Trotz der mit zügigem Vorgehen derzeit verbundenen Präventionshoffnungen darf mit jungen Beschuldigten kein "kurzer Prozess" gemacht werden. Für die Arbeit der JGH, für Verteidigungsbelange wie für die Vorbereitung von Diversion muss genug Zeit bleiben. Das "beschleunigte Verfahren" der StPO vermag dem nicht gerecht zu werden. Vielmehr sollte das vereinfachte Jugendverfahren der §§ 76 ff. JGG auch für das Verfahren gegen Heranwachsende zum Zwecke angemessener Beschleunigung gesetzlich vorgesehen werden.

Für ein in diesem Sinne zügiges Verfahren, in welchem weder pädagogische Belange noch rechtliche Garantien vernachlässigt werden, ist eine enge Kooperation der Verfahrensbeteiligten Voraussetzung. Gefördert wird diese zum einen durch kurze Wege und fest etablierte, verbindliche Kommunikationsstrukturen. Zum anderen kommt auch hier interdisziplinär angelegter Ausbildung und stetiger Fortbildung aller beteiligter Berufsgruppen große Bedeutung zu.
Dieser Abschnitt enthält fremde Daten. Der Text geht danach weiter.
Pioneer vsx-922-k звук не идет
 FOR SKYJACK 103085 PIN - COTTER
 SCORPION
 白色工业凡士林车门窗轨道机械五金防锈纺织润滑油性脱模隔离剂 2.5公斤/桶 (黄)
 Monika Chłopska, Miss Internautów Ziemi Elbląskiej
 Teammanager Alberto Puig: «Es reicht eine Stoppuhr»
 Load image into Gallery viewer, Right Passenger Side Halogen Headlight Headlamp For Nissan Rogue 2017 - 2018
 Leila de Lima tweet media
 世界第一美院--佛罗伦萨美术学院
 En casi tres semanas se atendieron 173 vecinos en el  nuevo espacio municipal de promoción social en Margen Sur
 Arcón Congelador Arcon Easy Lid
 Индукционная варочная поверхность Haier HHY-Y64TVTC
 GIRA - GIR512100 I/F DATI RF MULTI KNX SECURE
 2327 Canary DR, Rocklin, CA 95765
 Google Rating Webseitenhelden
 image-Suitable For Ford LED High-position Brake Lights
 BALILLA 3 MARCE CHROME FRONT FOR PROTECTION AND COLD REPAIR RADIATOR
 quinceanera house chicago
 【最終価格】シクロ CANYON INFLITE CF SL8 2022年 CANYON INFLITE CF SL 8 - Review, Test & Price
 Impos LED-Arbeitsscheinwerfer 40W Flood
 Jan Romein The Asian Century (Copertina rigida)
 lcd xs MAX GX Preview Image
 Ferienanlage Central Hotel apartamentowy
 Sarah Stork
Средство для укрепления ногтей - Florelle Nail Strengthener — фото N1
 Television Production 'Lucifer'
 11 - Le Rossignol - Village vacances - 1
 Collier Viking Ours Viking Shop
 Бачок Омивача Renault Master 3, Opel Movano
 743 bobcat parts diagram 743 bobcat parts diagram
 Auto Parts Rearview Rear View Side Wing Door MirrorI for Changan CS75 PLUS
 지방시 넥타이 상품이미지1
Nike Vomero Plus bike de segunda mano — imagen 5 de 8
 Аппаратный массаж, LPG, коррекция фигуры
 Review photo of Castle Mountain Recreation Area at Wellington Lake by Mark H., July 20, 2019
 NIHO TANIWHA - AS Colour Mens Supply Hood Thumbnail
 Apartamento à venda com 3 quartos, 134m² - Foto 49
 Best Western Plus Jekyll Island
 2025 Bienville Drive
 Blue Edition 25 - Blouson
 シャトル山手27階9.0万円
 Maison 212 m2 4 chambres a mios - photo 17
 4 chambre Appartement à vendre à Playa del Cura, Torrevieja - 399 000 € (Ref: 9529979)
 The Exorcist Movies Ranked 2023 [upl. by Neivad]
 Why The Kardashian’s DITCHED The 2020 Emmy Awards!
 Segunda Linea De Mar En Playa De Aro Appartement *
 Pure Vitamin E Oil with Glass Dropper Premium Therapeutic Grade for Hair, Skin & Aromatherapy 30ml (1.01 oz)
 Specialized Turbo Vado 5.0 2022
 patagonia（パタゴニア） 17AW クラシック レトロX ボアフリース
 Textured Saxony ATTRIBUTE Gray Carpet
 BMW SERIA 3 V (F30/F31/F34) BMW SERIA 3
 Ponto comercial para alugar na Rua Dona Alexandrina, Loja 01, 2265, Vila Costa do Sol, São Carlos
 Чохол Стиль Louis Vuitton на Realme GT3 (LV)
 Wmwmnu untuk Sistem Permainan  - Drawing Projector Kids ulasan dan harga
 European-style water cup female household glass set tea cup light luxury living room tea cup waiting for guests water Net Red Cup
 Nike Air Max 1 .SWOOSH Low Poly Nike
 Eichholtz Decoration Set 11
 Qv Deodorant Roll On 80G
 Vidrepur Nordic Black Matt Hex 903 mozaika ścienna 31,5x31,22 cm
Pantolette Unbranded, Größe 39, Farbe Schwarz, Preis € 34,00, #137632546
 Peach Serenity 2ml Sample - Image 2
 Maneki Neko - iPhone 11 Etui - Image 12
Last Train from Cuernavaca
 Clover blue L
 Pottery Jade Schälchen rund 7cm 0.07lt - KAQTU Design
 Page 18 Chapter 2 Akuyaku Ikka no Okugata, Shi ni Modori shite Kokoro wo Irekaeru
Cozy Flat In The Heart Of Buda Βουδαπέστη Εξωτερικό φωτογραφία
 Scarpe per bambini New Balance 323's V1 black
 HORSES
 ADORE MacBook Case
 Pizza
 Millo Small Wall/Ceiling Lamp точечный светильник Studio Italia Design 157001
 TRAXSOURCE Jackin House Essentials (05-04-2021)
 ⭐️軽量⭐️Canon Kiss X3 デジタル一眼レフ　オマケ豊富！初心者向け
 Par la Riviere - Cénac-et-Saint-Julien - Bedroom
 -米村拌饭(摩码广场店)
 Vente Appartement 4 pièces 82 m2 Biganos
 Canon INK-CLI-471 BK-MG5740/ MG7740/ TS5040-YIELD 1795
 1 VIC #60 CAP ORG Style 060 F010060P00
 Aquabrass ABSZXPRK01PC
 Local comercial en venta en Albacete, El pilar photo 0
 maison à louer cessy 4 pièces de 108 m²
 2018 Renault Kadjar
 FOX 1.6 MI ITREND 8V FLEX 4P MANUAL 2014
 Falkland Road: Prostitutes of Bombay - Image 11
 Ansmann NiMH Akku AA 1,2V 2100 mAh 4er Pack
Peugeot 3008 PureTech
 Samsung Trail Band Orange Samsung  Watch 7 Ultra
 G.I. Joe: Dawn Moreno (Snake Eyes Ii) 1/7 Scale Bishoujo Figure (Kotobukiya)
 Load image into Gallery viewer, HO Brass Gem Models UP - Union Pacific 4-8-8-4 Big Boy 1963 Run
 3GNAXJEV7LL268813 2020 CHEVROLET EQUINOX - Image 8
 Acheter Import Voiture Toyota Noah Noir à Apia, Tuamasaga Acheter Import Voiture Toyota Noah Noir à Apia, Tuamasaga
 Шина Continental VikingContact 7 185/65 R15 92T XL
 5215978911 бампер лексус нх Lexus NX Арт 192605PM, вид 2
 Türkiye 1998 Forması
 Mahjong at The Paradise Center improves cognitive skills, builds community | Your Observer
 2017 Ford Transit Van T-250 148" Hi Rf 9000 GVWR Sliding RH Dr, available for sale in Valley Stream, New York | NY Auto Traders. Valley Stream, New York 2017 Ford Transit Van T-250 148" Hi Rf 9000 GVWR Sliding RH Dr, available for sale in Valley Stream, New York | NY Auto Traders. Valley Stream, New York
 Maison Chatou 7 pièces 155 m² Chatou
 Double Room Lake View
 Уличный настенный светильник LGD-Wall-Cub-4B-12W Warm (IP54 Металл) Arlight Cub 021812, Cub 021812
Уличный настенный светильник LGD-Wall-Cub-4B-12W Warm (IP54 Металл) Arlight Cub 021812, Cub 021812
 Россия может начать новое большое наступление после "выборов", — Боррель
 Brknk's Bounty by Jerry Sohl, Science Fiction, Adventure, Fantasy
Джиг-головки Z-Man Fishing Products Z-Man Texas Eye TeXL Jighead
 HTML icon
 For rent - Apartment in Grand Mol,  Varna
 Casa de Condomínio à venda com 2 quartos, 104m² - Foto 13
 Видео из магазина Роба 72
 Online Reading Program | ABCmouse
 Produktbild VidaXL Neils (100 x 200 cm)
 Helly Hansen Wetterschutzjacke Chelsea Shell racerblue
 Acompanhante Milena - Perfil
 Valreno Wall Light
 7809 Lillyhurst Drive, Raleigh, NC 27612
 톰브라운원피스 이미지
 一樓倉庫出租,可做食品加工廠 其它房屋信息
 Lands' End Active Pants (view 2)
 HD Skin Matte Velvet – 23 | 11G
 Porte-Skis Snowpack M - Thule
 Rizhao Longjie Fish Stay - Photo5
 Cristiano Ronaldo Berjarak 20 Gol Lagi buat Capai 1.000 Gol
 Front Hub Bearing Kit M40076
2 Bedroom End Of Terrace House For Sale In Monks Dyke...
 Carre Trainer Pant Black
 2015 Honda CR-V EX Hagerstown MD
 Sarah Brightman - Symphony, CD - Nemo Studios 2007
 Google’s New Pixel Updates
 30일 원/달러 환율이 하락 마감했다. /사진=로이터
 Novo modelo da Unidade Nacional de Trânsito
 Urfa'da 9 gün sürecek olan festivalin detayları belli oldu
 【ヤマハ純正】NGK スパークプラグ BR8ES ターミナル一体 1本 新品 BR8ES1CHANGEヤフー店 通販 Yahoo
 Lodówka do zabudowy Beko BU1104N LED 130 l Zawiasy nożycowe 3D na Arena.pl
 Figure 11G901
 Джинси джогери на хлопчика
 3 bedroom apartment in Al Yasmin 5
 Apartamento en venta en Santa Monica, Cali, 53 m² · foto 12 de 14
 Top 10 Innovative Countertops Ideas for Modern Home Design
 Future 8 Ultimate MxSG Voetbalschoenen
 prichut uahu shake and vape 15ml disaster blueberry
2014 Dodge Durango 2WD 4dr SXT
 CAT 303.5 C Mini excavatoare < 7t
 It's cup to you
Um die Fachlichkeit staatsanwaltlichen und jugendrichterlichen Handelns zu sichern, ist neben obligatorischer Aus- und Fortbildung vorzusehen, dass durch längerfristige Tätigkeit gewonnene Erfahrung genutzt werden kann und Kontinuität gefördert wird. Diesen Zielen dient es auch, auf der Ebene der Staatsanwaltschaft alle Jugendverfahren in den Jugenddezernaten zu konzentrieren und auf der Ebene der Gerichte eine Zersplitterung jugendrichterlicher Zuständigkeiten zu vermeiden. Entsprechendes gilt auch für die anderen Berufsgruppen Polizei, Jugendgerichtshilfe und Jugend-Bewährungshilfe.

Um der Anordnung von Untersuchungshaft und der Verhängung freiheitsentziehender Sanktionen entgegenzuwirken, sind vermehrt ambulante und stationäre Jugendhilfemaßnahmen mit eindeutigem Leistungsprofil zur Verfügung zu stellen. Das Vermeiden von Jugendstrafvollzug dient dem Ziel, der weiteren Entwicklung des jungen Straftäters nicht unnötig zu schaden; auch der hohe verfassungsrechtliche Rang des Rechtsguts Freiheit bestätigt das Anliegen einer Zurückdrängung von Jugendstrafe.

Vollstreckbare Jugendstrafe mit ihren schädigenden Auswirkungen allein zum Zwecke der Erziehung des Täters verhängen zu wollen, ist in sich widersprüchlich. Freiheitsentzug mit Strafcharakter lässt sich allein wegen Schwere der Schuld legitimieren. In jedem Falle trifft das Gefährdungspotential von Strafvollzug junge Gefangene in ganz besonderem Maße. Die dringend erforderliche Abhilfe lässt sich für Jugendliche, insbesondere 14- und 15jährige, durch Unterbringung in Einrichtungen der Jugendhilfe finden.

Kein Reformbedarf besteht hinsichtlich der Strafmündigkeitsgrenze. Hingegen erweist sich angesichts der wenig befriedigenden Regelung des § 105 JGG die volle Einbeziehung der Heranwachsenden in das Jugendstrafrecht als lange überfällig.